A different perspective on wellbeing.
Everyone has been back to school for a month or so. Back to the grind, back to “being good”, back to everything and being backwards. The nights draw in and this is where “real life” carries on, where the backward way is trying to achieve health and fitness through personal punishment. Ask yourself how successful this has been for you at the end of other holidays and you might find that you have pressed that on-off button many times before. The yo-yo effect of not caring and being ultra-careful. Bingeing followed by fasting. It’s nothing more or less than torture in batches. It will have no great long-lasting effects and in the short term it will make you feel guilty and grumpy. I know this well, because I’ve been there so many times.
Do it differently this autumn. Don’t be slave to regimes that prescribe what to do. Low carb, no carb – Keto options, low or high intensity activities, mindfulness and yoga as the next new thing. There are as many wellbeing strategies as there are individuals; make sure it suits your life, your mindset where you currently are.
A client of mine said these words: “Let’s start Kirsten in September – let’s get brutal”. He’s motivated and driven to get fit and healthy, but I’m motivated to teach him that for life. To his utter surprise, I told him two things: we are Not starting and we are Not doing it brutally. That is a recipe for finishing somewhere injured. Instead, we continue incrementally and up the volume button on Discipline.
Don’t be slave to a regime. Take gentle care of your incredible mind and body, implementing movement and nutritional aspects that make you smile. Better to do one tiny successful task a day than have 25 intentions that evaporate into thin air unactioned. Buddy up with someone and surround yourself with like-minded people. It’s not about calories consumed or workouts completed, it’s about what you won’t do when you’re tired and what you can reach to when you’re at a low ebb.

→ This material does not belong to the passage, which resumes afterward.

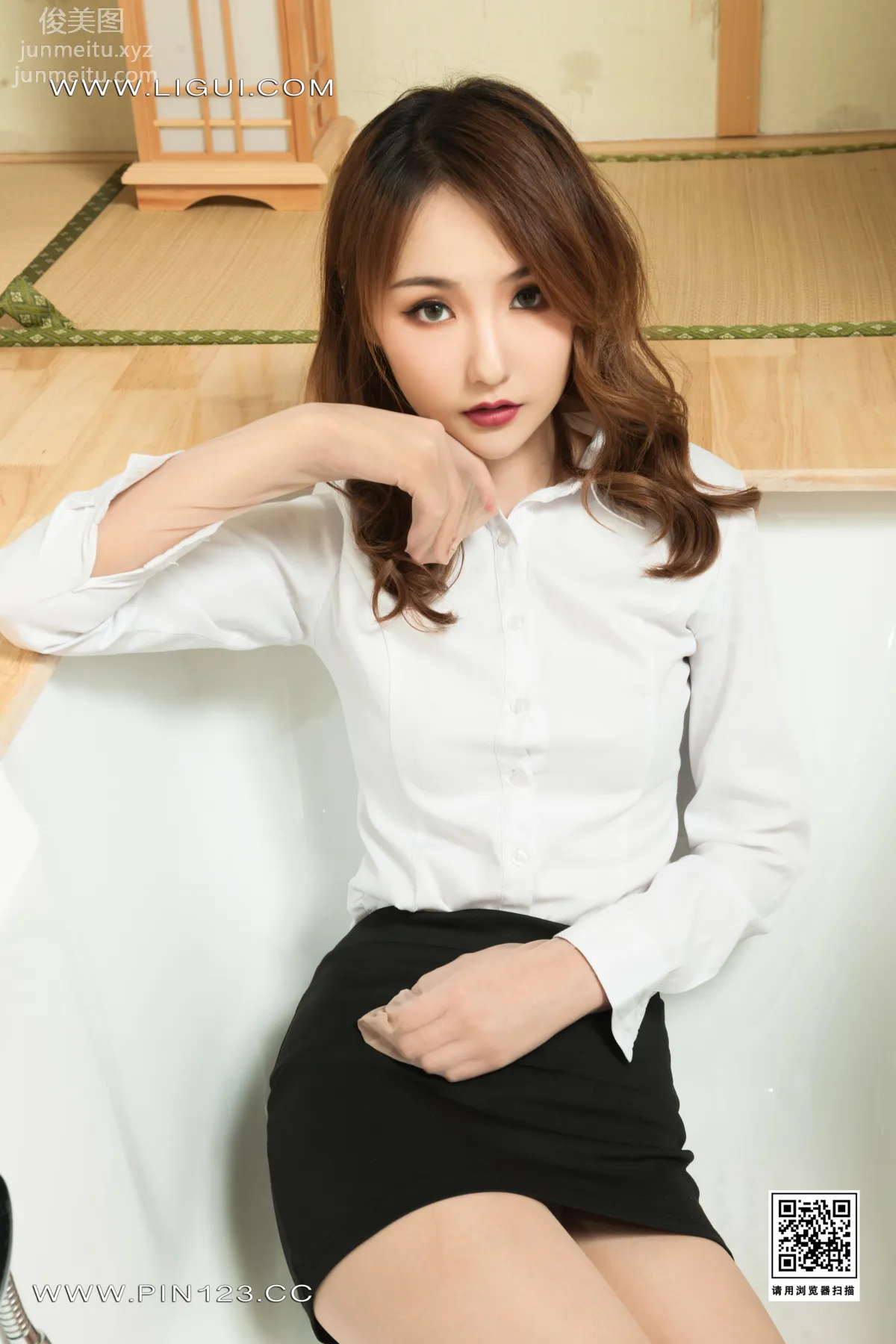 [Ligui麗櫃]2023.01.02 《香浴名蓮》 心心 23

Let me share with you a graph for long-term success from my book “The every-year itch”. Instead of reaching for some unattainable fantasy goal and giving yourself 50 lashes when you -most likely- don’t achieve it, draw a super-duper easy bottom line below which you won’t go. Even on the most awful days you can at least satisfy this objective. Then give yourself something a little more challenging but still easy to aspire to.
Set yourself up for success. Count small steps, little efforts, measured in kindness to self. You make hundreds of well-being decisions every day from what you put in your mouth to how much sleep you get and movement you take– make it all count. Love the imperfect of what you have and if you want to sculpt your way to a newer body or enhance the way you feel inside, then don’t start some frustrating programme that gets you nowhere. Get some sleep, eat little and often, make it your mission to move. Find your feeling happy in your skin; it’s your forever house, so make sure it’s a nice place to live.